Самое умное, что было сказано за все годы «перестройки», — это предложение легализовать теневую экономику. «Мертвые души» теневиков, загнанных в подполье, в подземное царство Аида, на самом деле живы, больше того — самое живое из того, что создали советская власть плюс электрификация всей страды. Но это и есть реабилитация Чичикова! При этом главным Чичиковым оказываются не Артем Тарасов со Стерлиговым, а — решусь сказать — сам Михаил Сергеевич Горбачев. Жители города NN находили, что Чичиков в профиль похож на Наполеона; так и Горбачев похож на Наполеона! (Точнее — на актера Рода Стайгера в роли Наполеона). Ирония в том, что Горбачев, будучи в глубине Чичиковым, играет роль генерал-губернатора из второго тома «Мертвых душ», распекающего чиновников за взятки. Но Лев Тимофеев подает правильный совет: нужно бороться не со взятками, а с необходимостью давать их подпольно. Сделайте тайное явным — и вы перевернете мир.

Не нужно повторять ошибку Гоголя — искать героев на стороне, в будущем, в чудной дали. Они живут здесь и сейчас. Позвольте им совершить купчую крепость — и мертвые души воскреснут.

Даже без участия Николая Федорова.

Блок написал статью «Дитя Гоголя». Этим дитятей он видел будущую Россию. Он же писал о «новой Америке». Чуть-чуть напрягитесь — и вы увидите здесь Чичикова. Новая Америка оказывается старой, но не увиденной Россией. Нелюбимое, заброшенное дитя России — Чичиков.

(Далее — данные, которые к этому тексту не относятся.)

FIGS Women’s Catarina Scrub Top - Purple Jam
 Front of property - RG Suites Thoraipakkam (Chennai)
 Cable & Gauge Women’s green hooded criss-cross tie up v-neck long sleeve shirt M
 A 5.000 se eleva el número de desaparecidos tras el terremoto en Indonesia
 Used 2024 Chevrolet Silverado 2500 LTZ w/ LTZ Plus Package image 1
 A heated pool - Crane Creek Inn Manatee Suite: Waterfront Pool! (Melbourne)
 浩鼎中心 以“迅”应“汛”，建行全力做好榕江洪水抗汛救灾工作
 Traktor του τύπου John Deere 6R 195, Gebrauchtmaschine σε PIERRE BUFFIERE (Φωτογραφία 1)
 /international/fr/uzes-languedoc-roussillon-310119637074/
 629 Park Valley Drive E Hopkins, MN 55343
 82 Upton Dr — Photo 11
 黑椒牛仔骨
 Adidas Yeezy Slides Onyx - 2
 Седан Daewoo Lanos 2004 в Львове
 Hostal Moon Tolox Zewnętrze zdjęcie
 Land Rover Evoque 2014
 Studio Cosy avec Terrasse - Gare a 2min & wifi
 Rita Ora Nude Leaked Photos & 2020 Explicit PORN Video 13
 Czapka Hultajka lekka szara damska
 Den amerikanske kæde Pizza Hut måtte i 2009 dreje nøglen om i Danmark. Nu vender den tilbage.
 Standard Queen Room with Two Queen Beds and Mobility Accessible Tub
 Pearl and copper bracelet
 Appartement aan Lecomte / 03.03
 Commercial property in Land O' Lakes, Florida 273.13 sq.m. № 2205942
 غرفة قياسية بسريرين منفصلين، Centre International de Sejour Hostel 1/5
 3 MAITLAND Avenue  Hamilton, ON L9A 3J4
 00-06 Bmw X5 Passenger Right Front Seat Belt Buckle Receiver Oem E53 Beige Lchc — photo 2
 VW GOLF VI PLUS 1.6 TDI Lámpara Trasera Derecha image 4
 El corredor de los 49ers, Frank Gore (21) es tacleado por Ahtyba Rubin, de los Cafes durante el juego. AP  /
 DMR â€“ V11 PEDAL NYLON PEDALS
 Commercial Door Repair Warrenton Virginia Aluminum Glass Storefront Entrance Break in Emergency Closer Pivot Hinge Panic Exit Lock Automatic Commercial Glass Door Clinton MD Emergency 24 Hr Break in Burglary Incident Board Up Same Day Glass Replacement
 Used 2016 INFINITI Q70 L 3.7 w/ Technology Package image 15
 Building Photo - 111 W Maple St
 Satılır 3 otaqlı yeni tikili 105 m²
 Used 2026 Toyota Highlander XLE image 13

Возвращение Чичикова — это всемирно-историческая победа буржуазии, торжество прозы над стихами и правды над поэзией. Это поэзия, увиденная по-американски: в образах ворюг, а не кровопийц (Бродский: «ворюги мне милей, чем кровопийцы»). Чичиков возвращается на птице-тройке, и советское государство, косясь, посторанивается.

3 июля 1991 г.

ЖЕНОТДЕЛКИ ИЗ ДЖИМА

Пункт помешательства современных американок — так называемая fitness. Это слово заменяет сейчас целый комплект других, как то: стройность, изящество, хорошая фигура, пропорциональное телосложение. Первоначальное и важнейшее значение его — пригодность, целесообразность, соразмерность. Эту машинную, технологическую коннотацию необходимо иметь в виду в первую очередь: женщина должна быть целесообразной и технологичной, годной к некоему промышленному употреблению. Речь мы ведем отнюдь не о проституции. Как раз проститутке подходит некоторая старомодная тяжеловатость, ей идет быть толстой, мясистой, это эпоха Мопассана и корсетов. Стремительные линии спортивной автомашины должны помочь современной женщине в гонках на пути к деловому успеху; fitness — это характеристика, необходимая прежде всего деловой, делающей карьеру женщине. Конечно, это стало всеобщей модой; и домохозяйка, и жаждущая замужества девица стремятся к тому же, к той же легкости линий, чтобы привлечь или удержать внимание мужчины. Но подлинное назначение fitness другое: не завоевание мужчины, а война с мужчинами — за место под солнцем, на деловом Олимпе. Career women — современные амазонки, им «груди» ни к чему: не mammae, a musculus pectoralis. Какие дети, если надо делать карьеру? Да нынче детей и не требуется кормить грудью, для этого существуют различные «формулы». К тому же ребенка, если все-таки хочется его завести, можно заказать так называемой суррогатной матери, у которой есть время для этих архаических занятий: зачатия, ношения, родов.